RAW DATA START

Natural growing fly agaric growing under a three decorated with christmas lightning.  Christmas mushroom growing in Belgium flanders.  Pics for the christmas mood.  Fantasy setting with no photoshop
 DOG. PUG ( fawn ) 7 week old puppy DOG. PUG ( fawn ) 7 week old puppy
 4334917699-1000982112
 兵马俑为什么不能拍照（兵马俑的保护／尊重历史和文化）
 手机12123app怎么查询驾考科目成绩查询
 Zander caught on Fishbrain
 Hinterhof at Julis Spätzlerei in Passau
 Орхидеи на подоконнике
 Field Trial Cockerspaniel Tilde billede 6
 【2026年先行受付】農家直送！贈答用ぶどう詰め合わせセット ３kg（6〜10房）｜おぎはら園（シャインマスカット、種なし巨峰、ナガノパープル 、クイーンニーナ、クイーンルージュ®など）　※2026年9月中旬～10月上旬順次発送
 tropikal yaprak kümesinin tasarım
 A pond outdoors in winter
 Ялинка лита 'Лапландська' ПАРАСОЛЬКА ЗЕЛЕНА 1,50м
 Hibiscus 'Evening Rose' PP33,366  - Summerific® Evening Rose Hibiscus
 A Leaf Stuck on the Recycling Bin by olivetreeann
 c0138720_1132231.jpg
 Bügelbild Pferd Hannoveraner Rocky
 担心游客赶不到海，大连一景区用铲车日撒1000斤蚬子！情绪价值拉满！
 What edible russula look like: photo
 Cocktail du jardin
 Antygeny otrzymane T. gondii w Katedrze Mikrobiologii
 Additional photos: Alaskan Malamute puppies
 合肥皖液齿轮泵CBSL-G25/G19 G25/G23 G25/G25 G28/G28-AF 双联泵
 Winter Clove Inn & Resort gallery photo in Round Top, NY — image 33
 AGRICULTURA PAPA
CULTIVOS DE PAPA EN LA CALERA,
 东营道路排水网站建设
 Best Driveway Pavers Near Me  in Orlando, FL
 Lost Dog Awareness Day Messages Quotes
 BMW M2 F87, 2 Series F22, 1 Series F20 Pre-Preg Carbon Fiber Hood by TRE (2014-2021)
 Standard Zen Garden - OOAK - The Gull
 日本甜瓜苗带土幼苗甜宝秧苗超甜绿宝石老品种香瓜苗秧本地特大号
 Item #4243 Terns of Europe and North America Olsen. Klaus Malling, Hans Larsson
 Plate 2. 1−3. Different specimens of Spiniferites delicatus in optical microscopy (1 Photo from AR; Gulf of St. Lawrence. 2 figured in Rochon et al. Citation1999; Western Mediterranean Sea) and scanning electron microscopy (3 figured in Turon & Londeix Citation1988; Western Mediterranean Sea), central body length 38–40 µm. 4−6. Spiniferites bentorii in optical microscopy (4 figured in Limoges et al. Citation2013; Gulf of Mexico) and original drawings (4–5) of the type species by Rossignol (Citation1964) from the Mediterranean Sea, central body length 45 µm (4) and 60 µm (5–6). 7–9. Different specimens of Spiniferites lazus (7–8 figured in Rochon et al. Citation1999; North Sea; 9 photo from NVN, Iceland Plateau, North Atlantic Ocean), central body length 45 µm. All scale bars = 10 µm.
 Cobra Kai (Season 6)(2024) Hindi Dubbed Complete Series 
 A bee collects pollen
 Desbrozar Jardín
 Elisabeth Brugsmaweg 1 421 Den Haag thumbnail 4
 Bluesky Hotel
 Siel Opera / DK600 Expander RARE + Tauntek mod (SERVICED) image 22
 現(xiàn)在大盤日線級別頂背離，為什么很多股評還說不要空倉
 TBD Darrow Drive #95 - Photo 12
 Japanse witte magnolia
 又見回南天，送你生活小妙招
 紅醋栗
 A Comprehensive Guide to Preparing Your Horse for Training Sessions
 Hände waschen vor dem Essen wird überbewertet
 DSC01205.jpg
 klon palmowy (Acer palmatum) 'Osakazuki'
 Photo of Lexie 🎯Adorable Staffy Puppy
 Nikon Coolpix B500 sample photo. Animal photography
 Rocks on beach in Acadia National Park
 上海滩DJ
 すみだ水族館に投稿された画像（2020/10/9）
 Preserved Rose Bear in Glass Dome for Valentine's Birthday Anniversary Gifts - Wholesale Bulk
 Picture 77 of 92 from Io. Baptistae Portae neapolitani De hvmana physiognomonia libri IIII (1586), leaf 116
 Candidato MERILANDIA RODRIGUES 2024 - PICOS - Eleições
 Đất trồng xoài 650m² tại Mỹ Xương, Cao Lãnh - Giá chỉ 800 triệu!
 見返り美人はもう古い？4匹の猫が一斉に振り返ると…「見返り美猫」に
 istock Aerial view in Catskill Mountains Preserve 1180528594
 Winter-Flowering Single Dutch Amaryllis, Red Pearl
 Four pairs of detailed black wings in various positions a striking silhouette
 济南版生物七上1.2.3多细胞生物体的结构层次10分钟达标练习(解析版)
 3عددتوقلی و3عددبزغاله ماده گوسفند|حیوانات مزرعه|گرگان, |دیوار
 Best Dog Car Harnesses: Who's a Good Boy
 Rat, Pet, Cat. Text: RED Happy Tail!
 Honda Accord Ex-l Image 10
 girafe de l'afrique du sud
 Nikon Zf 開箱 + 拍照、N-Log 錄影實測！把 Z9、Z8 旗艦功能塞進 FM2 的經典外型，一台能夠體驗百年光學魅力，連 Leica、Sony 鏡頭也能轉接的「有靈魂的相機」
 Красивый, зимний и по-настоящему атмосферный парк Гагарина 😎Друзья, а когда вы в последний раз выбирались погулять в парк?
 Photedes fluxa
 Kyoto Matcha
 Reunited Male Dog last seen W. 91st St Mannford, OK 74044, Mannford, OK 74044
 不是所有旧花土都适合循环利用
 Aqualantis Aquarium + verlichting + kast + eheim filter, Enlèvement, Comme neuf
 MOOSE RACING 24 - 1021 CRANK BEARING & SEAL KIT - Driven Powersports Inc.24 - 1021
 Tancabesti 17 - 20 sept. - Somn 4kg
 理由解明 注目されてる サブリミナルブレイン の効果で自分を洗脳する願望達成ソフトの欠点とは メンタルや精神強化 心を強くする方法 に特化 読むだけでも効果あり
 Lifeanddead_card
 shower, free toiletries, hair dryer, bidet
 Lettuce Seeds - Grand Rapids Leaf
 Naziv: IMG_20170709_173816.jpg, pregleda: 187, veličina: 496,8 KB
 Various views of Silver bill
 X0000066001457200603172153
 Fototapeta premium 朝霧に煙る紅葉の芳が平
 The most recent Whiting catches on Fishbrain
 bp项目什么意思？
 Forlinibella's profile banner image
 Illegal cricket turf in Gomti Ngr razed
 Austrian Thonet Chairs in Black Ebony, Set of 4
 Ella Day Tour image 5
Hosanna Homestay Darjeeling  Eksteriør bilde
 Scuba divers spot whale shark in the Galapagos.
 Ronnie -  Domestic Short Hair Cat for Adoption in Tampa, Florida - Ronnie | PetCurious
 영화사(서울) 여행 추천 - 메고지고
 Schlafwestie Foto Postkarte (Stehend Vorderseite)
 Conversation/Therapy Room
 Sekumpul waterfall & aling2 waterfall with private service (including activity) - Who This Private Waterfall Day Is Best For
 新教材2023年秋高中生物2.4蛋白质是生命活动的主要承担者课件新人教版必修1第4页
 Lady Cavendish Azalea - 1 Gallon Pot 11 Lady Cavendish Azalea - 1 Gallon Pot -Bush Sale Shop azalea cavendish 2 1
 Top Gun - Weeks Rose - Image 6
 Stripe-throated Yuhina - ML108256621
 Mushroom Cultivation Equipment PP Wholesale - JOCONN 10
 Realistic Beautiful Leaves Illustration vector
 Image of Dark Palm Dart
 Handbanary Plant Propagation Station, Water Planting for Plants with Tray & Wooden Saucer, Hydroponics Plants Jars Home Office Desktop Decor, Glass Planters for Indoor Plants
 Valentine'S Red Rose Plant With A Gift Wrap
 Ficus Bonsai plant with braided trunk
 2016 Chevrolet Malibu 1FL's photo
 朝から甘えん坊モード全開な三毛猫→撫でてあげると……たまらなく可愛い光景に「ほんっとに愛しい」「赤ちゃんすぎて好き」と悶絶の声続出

RAW DATA END

**WORK TASK:** Please, from the entries above, set down exactly the lines from the one containing "영화사(서울) 여행 추천 - 메고지고" through the one containing "Image of Dark Palm Dart", and only those.

**TASK SOLUTION:**
 영화사(서울) 여행 추천 - 메고지고
 Schlafwestie Foto Postkarte (Stehend Vorderseite)
 Conversation/Therapy Room
 Sekumpul waterfall & aling2 waterfall with private service (including activity) - Who This Private Waterfall Day Is Best For
 新教材2023年秋高中生物2.4蛋白质是生命活动的主要承担者课件新人教版必修1第4页
 Lady Cavendish Azalea - 1 Gallon Pot 11 Lady Cavendish Azalea - 1 Gallon Pot -Bush Sale Shop azalea cavendish 2 1
 Top Gun - Weeks Rose - Image 6
 Stripe-throated Yuhina - ML108256621
 Mushroom Cultivation Equipment PP Wholesale - JOCONN 10
 Realistic Beautiful Leaves Illustration vector
 Image of Dark Palm Dart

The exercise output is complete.